C'est dans la Kabbale lourianique (XVIe siècle, Safed, Isaac Luria, «Arizal») que le tikkoun prend son extension métaphysique la plus forte. (6)Selon la doctrine lourianique, au commencement de la Création se produisit un tsimtsoum (retrait de la lumière divine) et la brisure des vases (chevirat ha-kelim) (7). Les étincelles de lumière divine furent dispersées dans la création. Le rôle humain est de les recueillir, de les «libérer» et de les ramener à leur source : c'est l'œuvre du tikkoun.

Dans ce cadre, chaque mitzvah (commandement), prière, acte moral est susceptible d'être un acte de tikkoun. (8)Le monde matériel n'est plus une simple scène d'action, mais un palier dans un processus de restauration universelle.
Le Zohar (ouvrage fondamental de la Kabbale, antérieur mais repris par les kabbalistes lourianiques) parle également de «réparations» (tikkunim), notamment dans le Tikunei haZohar (9), qui entend «réparer» la Shekhinah - la présence divine.

Nuances et dérives : du mystique au politique

Ce qui, dans la Kabbale, relevait d'une théurgie - réparer la lumière divine brisée - a été progressivement interprété au premier degré, comme une entreprise terrestre de «réparation du monde» par la loi, la technique, ou la puissance.

Le tikkoun est alors sorti des mondes supérieurs pour descendre sur terre : il s'est fait programme, géopolitique, mission civilisatrice.

C'est là le passage du mystique au politique - du Zohar à Herzl, en somme.
La brisure des vases devient «l'imperfection du monde», et la réparation divine se traduit par «refaire le monde à notre image».

À voir l'état du monde aujourd'hui, on pourrait dire «- mission accomplie, hélas».

De la Kabbale à la Knesset, le tikkoun a glissé de la lumière divine à la domination terrestre. «Réparer le monde» signifie désormais : refaire le monde à notre image, imposer un ordre sous couvert d'universalité morale.

C'est cette prétention qui, dans sa version talmudo-sioniste, s'arroge le droit de juger le monde entier au nom d'une vocation «éthique». On y reconnaît une constante : la réparation comme instrument de soumission.

Ainsi, l'Organisation des Nations unies - que le sionisme accepta dans sa phase fondatrice lorsqu'elle reconnut Israël - fut aussitôt contestée dès qu'elle osa rappeler le droit des Palestiniens à l'autodétermination. (10)

Ce rappel fut encore réaffirmé, récemment, lorsque des représentants israéliens, dans un geste d'arrogance absolue, déchirèrent la Charte des Nations unies en pleine assemblée. (11)

Ce geste aurait dû, en toute logique, valoir l'exclusion du régime de Netanyahou - ou du moins le silence de ses émissaires à cette tribune.
Mais la scène passa.
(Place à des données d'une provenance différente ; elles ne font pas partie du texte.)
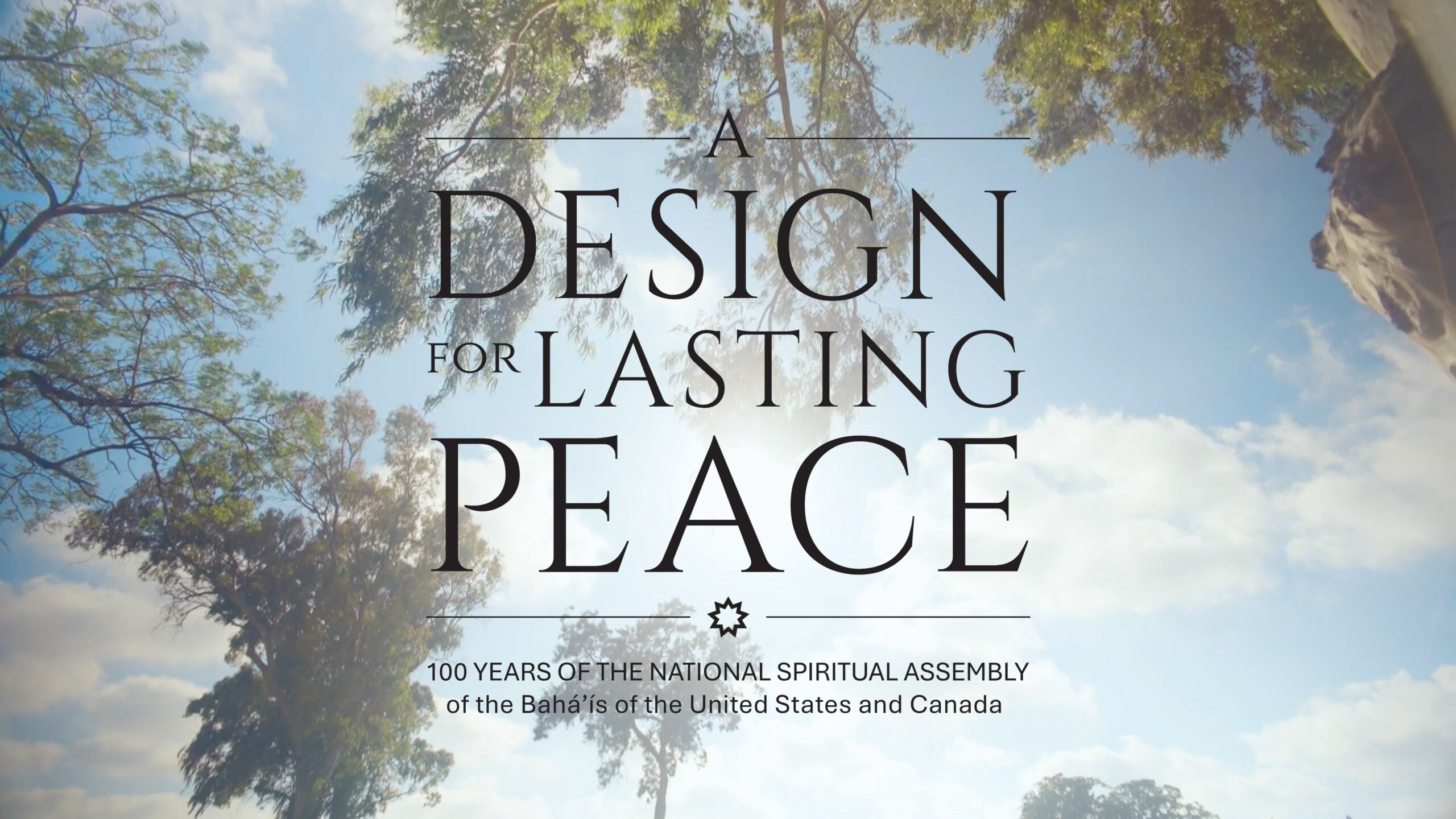 A Design for Lasting Peace: 100 Years of the National Spiritual Assembly of the Bahá’ís of the United States and Canada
Comme si la Loi elle-même avait baissé les yeux.
La réparation du monde ne supporte pas d'autre main que la sienne.

Derrière le lexique de la réparation, c'est une technocratie morale qui s'est installée : un pouvoir se croyant mandaté pour corriger le réel, au nom du Bien.

On parle de sauver la planète, de corriger les inégalités, de réguler la morale mondiale - mais tout cela procède d'une même logique : réparer sans se transformer. Le «monde» à réparer, c'est toujours l'autre.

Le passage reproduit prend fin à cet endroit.